■ Task instructions ■
The whole listing needs retyping exactly; keep the pictures out of it.

■ Given data ■

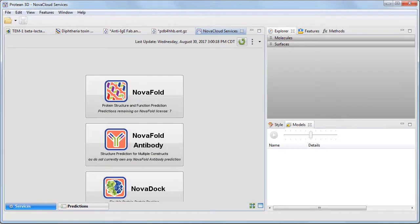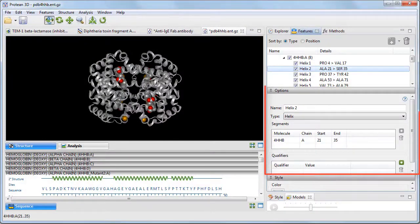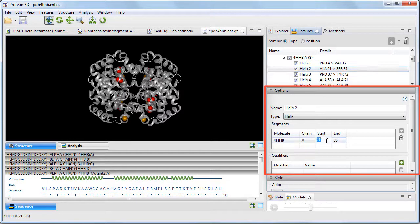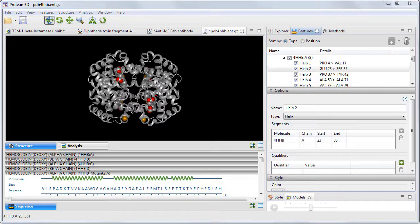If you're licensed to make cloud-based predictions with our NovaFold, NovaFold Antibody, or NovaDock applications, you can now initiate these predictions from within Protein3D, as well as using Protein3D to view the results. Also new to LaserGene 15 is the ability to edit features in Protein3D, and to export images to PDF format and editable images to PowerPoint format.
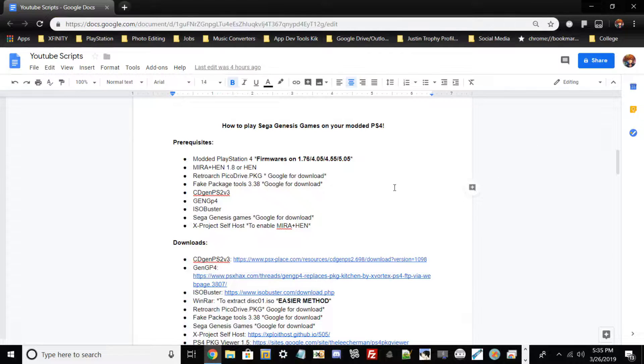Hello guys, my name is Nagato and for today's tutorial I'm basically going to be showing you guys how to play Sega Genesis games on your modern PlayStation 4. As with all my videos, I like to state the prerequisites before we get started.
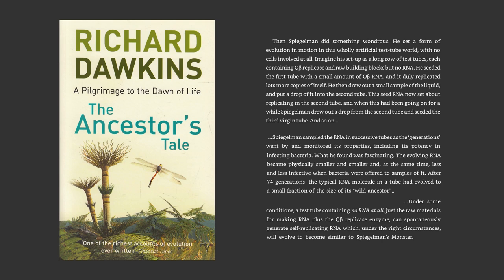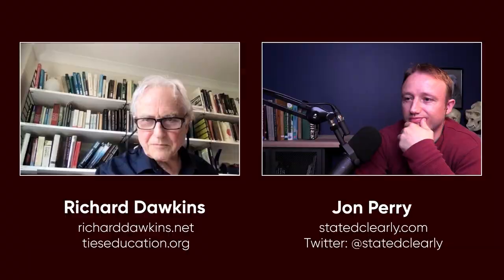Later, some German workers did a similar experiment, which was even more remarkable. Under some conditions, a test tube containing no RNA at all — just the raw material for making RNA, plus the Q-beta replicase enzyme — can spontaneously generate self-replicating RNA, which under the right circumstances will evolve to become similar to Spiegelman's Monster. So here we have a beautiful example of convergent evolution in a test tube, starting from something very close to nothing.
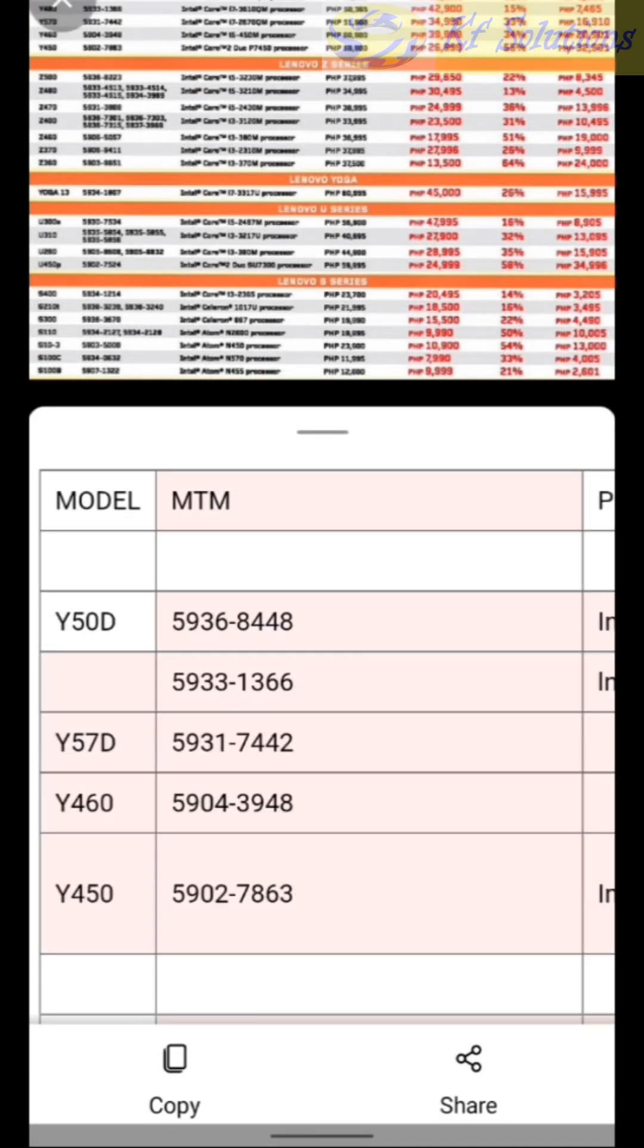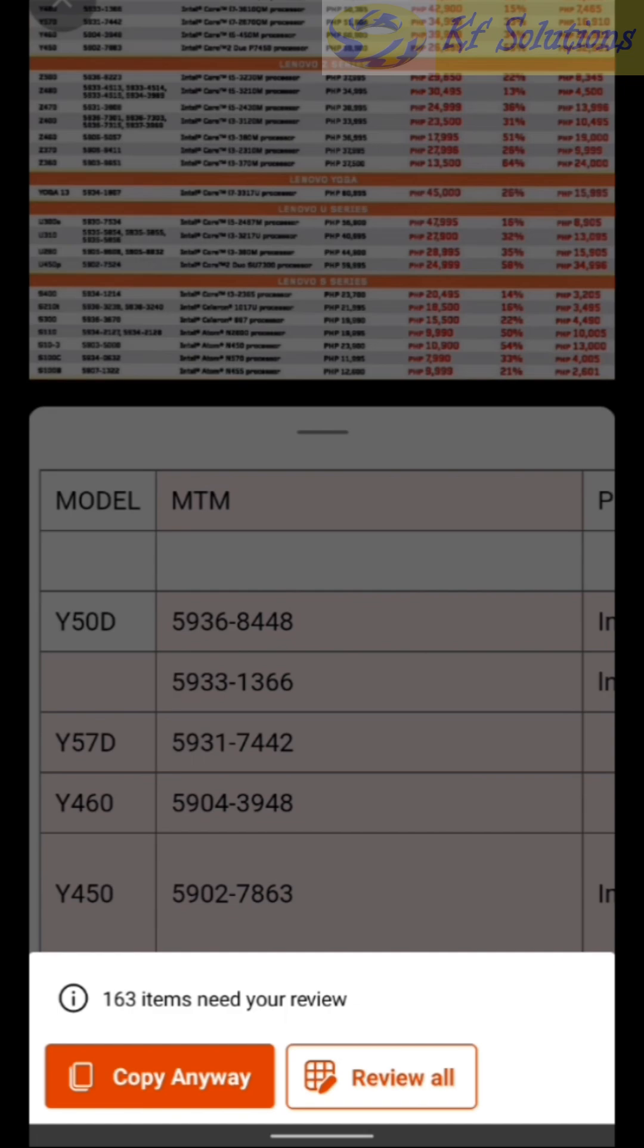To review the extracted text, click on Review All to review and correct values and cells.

■ Reply to the exercise ■
If you're licensed to make cloud-based predictions with our NovaFold, NovaFold Antibody, or NovaDock applications, you can now initiate these predictions from within Protein3D, as well as using Protein3D to view the results. Also new to LaserGene 15 is the ability to edit features in Protein3D, and to export images to PDF format and editable images to PowerPoint format.
Hello guys, my name is Nagato and for today's tutorial I'm basically going to be showing you guys how to play Sega Genesis games on your modern PlayStation 4. As with all my videos, I like to state the prerequisites before we get started.
Later, some German workers did a similar experiment, which was even more remarkable. Under some conditions, a test tube containing no RNA at all — just the raw material for making RNA, plus the Q-beta replicase enzyme — can spontaneously generate self-replicating RNA, which under the right circumstances will evolve to become similar to Spiegelman's Monster. So here we have a beautiful example of convergent evolution in a test tube, starting from something very close to nothing.
To review the extracted text, click on Review All to review and correct values and cells.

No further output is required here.